Stacja Dworzec Wileński będzie najdłuższą stacją II linii metra. Ciągnie się od ulicy 11 Listopada aż do Kłopotowskiego. To ponad 400 metrów! Sam korpus stacji też jest już gotowy. Trwają jeszcze prace przy wylewaniu betonu na torach odstawczych, gdzie będą zawracać pociągi II linii metra. Na wszystkich pozostałych poziomach zostało już tylko wykończenie.
- A w połowie kwietnia tarcza "Krystyna" ruszy już na dobre w stronę stacji Stadion. Obecnie trwa montaż taśmociągu do wybierania urobku ziemi, która powstaje w wyniku pracy tarczy - tłumaczy Krzysztof Malawko (56 l.), rzecznik metra. A "Elżbieta" jeszcze przed świętami ma rozpocząć swój rozruch i dołączyć do "Krystyny".

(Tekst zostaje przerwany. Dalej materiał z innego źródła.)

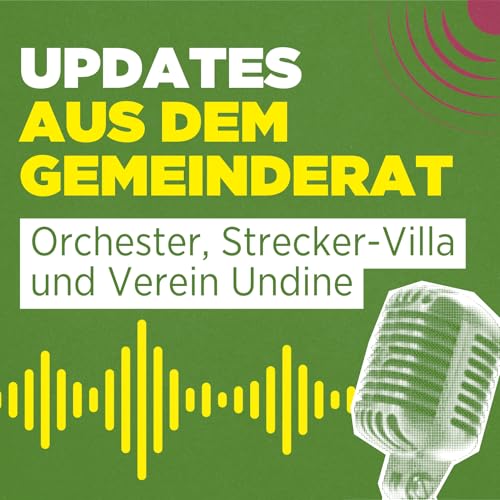 Updates aus dem Gemeinderat: Orchester, Strecker-Villa und Verein Undine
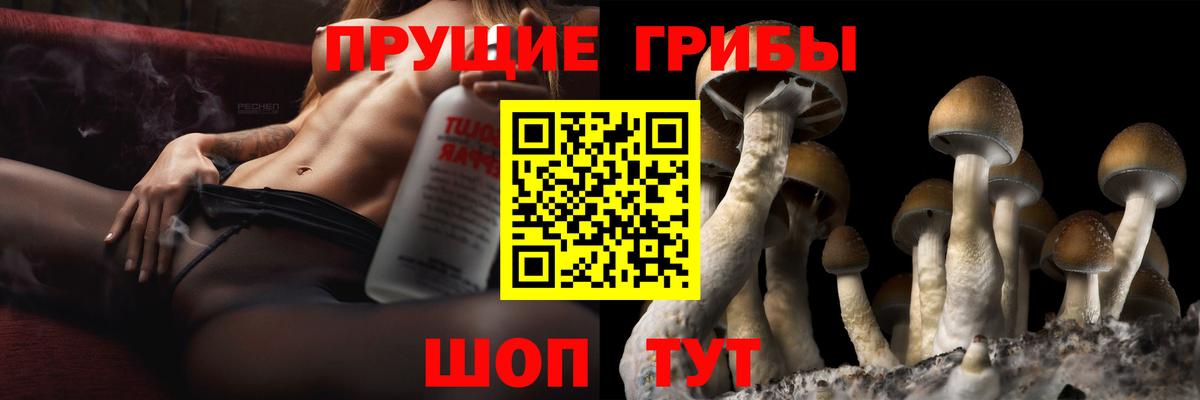 Псилоцибиновые грибы Psilocybe  Вход с VPN  Новошахтинск 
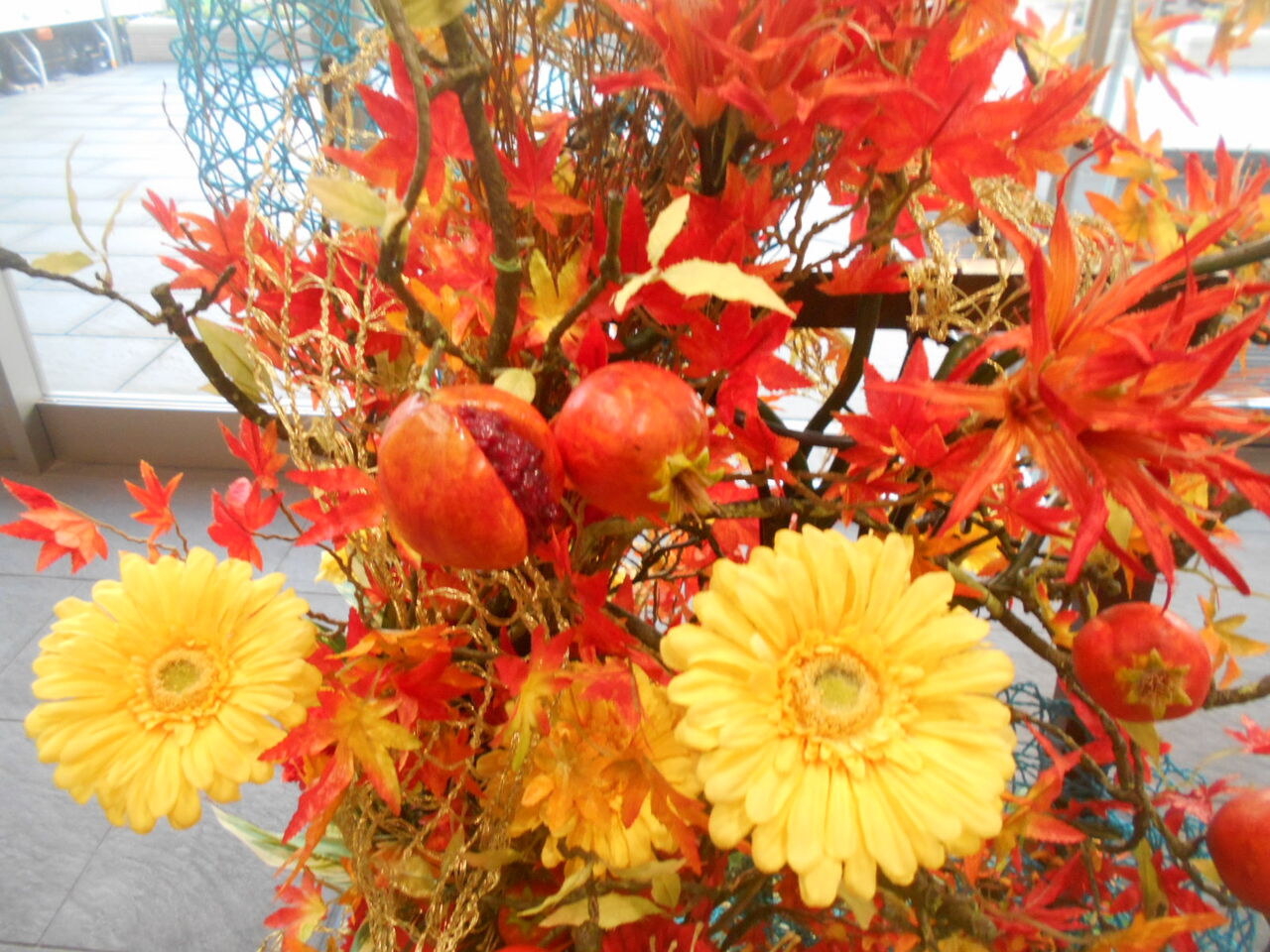DSCN0637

Choć większość prac zeszła na Dworcu Wileńskim pod ziemię, to budowa wciąż nie daje spać mieszkańcom. Na najbliższą sobotę lokatorzy z kamienicy przy Targowej 70 zapowiedzieli protest pod pobliską pocztą. O godz. 11 mają się też pojawić inni mieszkańcy, którym budowa daje się we znaki.
- Nie da się spać, nie da się normalnie funkcjonować - mówi Ewa Goduń ze wspólnoty lokatorów.
Prażanie mają się domagać konkretnych informacji od wykonawcy budowy oraz zapewnień, że po zakończeniu prac naprawi on ich kamienice. Kiedy odetchną mieszkańcy Pragi? Nie wiadomo. Wiadomo tylko, że budowa ma się zakończyć w ciągu roku.
- Gdyby nie zmiany w organizacji pracy i przeniesienie tu tarcz z Powiśla, to część zadaszenia byłaby już pewnie gotowa - tłumaczy opóźnienie Krzysztof Malawko.